Full question:
My husband and I made wills 2 years prior to our marriage. In those wills we left our entire residuary estate to each other. Both wills are identical in stating that if we do not bequeath anything to our listed children, that the omission is intentional. We then married and did not renew the wills as we felt that they would still apply in the event of our demise. The house we lived in was owned by him and his ex wife Annette. In the divorce, she quit claimed the house to him and subsequently filed for bankruptcy naming the mortgage in same bankruptcy. Now my husband has unexpectedly passed away and his ex wife has notified me that she feels that their daughter in common is entitled to 50% of the house and ALL of my husbands belongings.
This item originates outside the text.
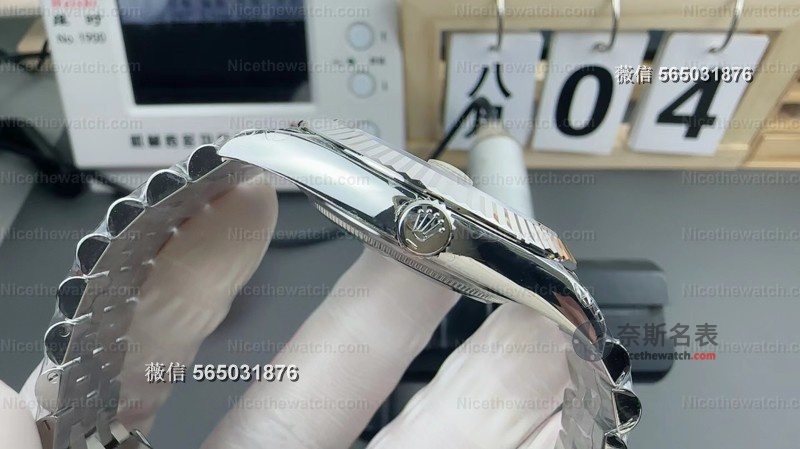 戴上它，没人看得出是复刻！VS厂薄荷绿日志深度实测，丹东3235机芯真香警告！ | 奈斯探表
How much heartache am I going to suffer in court over this, or does the will take precedence and grant me sole ownership of the residence and my husbands clothing, belongings, etc...
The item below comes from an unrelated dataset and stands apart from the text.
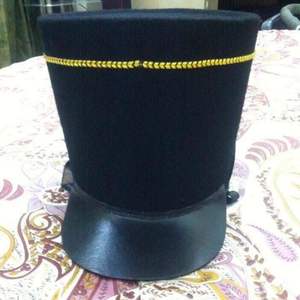 Réplique d'un kepi ou shako autrichien de la Première Guerre mondiale, généralement en feutre noir avec bordure en tresse dorée. - Product Image 1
- Category: Wills and Estates
- Subcategory: Probate
- Date:
- State: Nevada
Answer:
We are unsure of the basis upon which the ex-wife is claiming a share of the estate. lIf he left a valid will, the property will pass according to the will. If the ex-wife quitclaimed the property to him, it was his to do what he wanted with in his will or by way of joint tenancy with right of survivorship, etc. If he was not the sole owner, and was a tenant in common, rather than a joint tenant with right of survivorship, then he could bequeath his share of the property in a will. If he was joint tenant with right of survivorship, the surviving owner(s) would automatically inherit his share. The liability for the mortgage is entirely separate from the property ownership and should have been assigned in the divorce. We suggest you contact a local attorney who can review all the facts and documents involved.